Page 1 of 1
Lots of tables or lots of rows?
Posted: Wed Oct 08, 2008 3:58 am
by Kadanis
Just wondering what the consensus is on database design when managing large amounts of data.
The scenario is that clients create marketing campaigns (mircorsites and emails) which are then tracked. All the clicks on the microsites/messages are stored. This can lead to anything from a few data entries per campaign to hundreds of thousands depending on the success.
Is it better to store all the data from every campaign in one huge table with the campaign_id column, or to create an individual table for each campaign?
The system runs on MySQL 5, and currently uses the multiple table concept. However, starting in Jan 09 we have a major re-write/version update coming up and this gives us the opportunity to change things.
The system runs well as it is. As the management of the tables is quite tedious I was considering the change, however I'm worried that having everything in one table and using WHERE statements is going to make the data retrieval really sluggish.
Any ideas/comments appreciated
Cheers
Re: Lots of tables or lots of rows?
Posted: Wed Oct 08, 2008 1:33 pm
by califdon
I always give the same answer to this question. The database schema should always be designed according to well established rules based on the definitions of the entities and their relationships. Period. Well, maybe semicolon. In the case of gigantic data stores (many millions of rows) and high availability requirements (many simultaneous users), it may make sense to split up otherwise homogeneous data in a specific manner to accommodate the principal querying mode. In doing so, the designer should be dead sure that the benefits will outweigh the potential limitations or inefficiencies of splitting up related data.
In the case you cited, it should depend on what the defined scope of your data model is. Are you modeling discrete campaigns that will never be compared against each other or combined? Or are you modeling the universe of campaigns and their interactions? What kind of queries will be run against these data? In my opinion, there is never a logical answer to a question like, Which is better, lots of tables or lots of rows. That sort of question will inevitably lead to useless answers.
Re: Lots of tables or lots of rows?
Posted: Thu Oct 09, 2008 3:57 am
by Kadanis
Hmm, thank-you for the post califdon. You've certainly given me something to think about.

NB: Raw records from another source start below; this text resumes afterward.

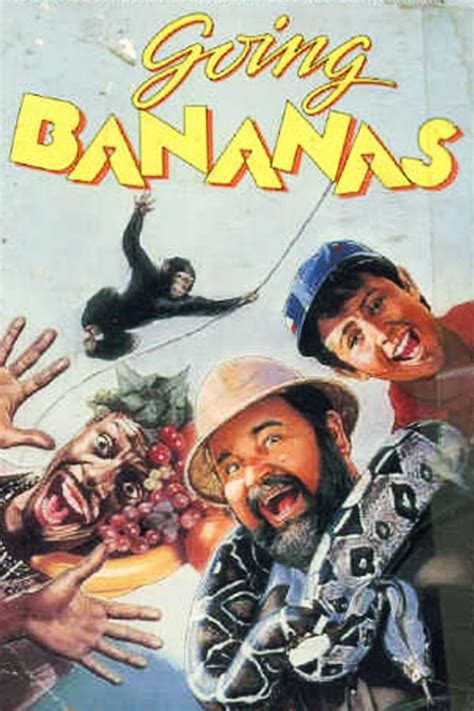 Going Bananas 1987 — The Movie Database Tmdb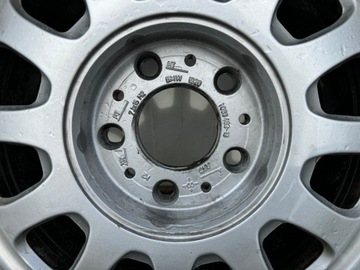 ALU DISK ORIGINÁLNÍ STYLING 31 7JX15 / ET20 5X120 74,1 BMW E39 DOJEZDOVDOJEZDOVÉ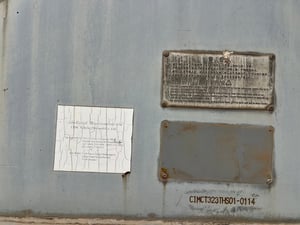 หางลากผงปูนทรงกล้้วยหอมตามสภาพ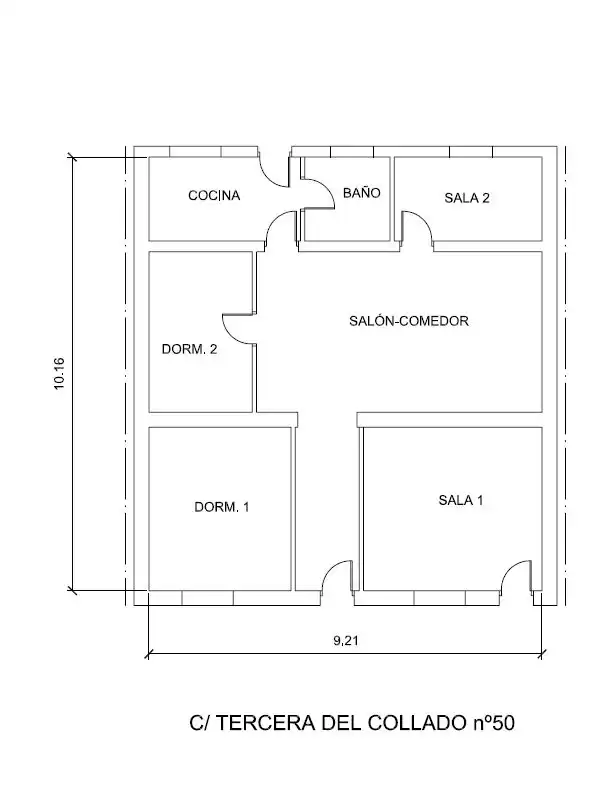 Casa o chalet en venta en Tobarra con Amueblado
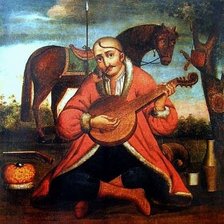 Схема вышивки «Мамай»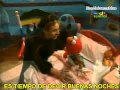 Elmo y Andrea Bocelli (subtitulado) time toy say goodnight goodbye
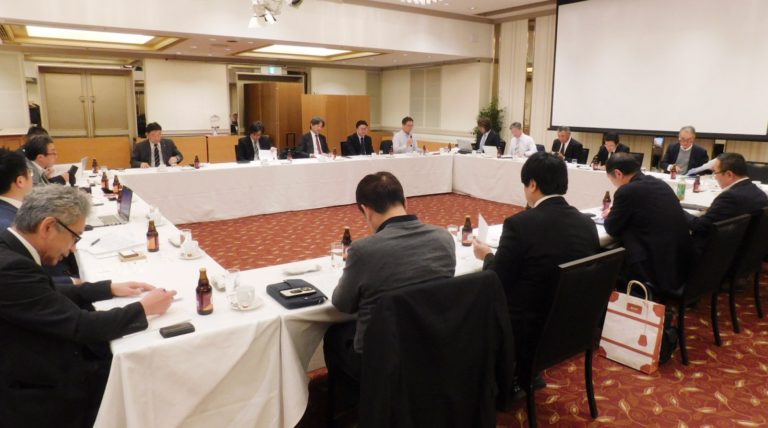 日本ゴム機械懇話会、第47回例会を軽井沢で開催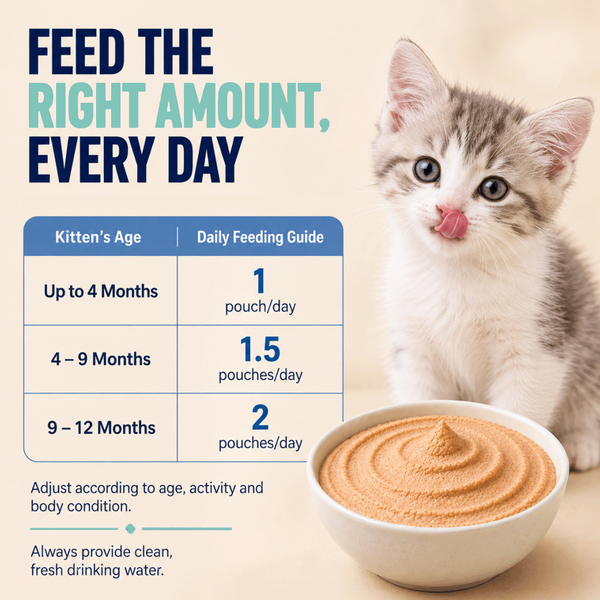 Kitty Yum Tuna Mousse Kitten Cat Wet Food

I think we'll take this opportunity to really decide on how this data will be used, and then we can decide on what's best
Cheers

Re: Lots of tables or lots of rows?
Posted: Thu Oct 09, 2008 4:05 am
by onion2k
We do something very similar* in our email marketing application. We eventually decided to go so far as actually having different databases for client data in order to make it easy to backup, replicate, remove if the client left, etc. It also means that we can make things more secure by having MySQL users that don't have any access to data belonging to other databases (although I think you can have table specific permissions for users in MySQL as of version 5... we wrote this thing back on MySQL 3.23).
It still didn't work too well mind, because in one of our client's database there's two tables that need to be joined on a text key where one table has 35,000 rows and the other has 4.8 million rows ... it takes a loooooooong time. I want to denormalise it a bit so it runs faster but I've never found the time.
* Eg exactly the same.
Re: Lots of tables or lots of rows?
Posted: Thu Oct 09, 2008 4:15 am
by Kadanis
My initial ideas are that we move from having a table per campaign to maybe 1 per client. As sometimes clients may want to cross reference campaigns, but in the main I think that the table per campaign may be the best solution for us.
I think my main beef with it is all the tables that sit there with 20 records in them because a campaign didn't do so well, seems pointless splitting them out for that, but then a biggy comes in with the 1million records and would hammer the system if it was in a single table.
Design meeting ahoy !
Re: Lots of tables or lots of rows?
Posted: Thu Oct 09, 2008 4:33 am
by VladSun
What about using vertical partitioning?
http://dev.mysql.com/tech-resources/art ... oning.html
It will keep all of your data in a single table, while the per-campaign-queries will work only on a part of it.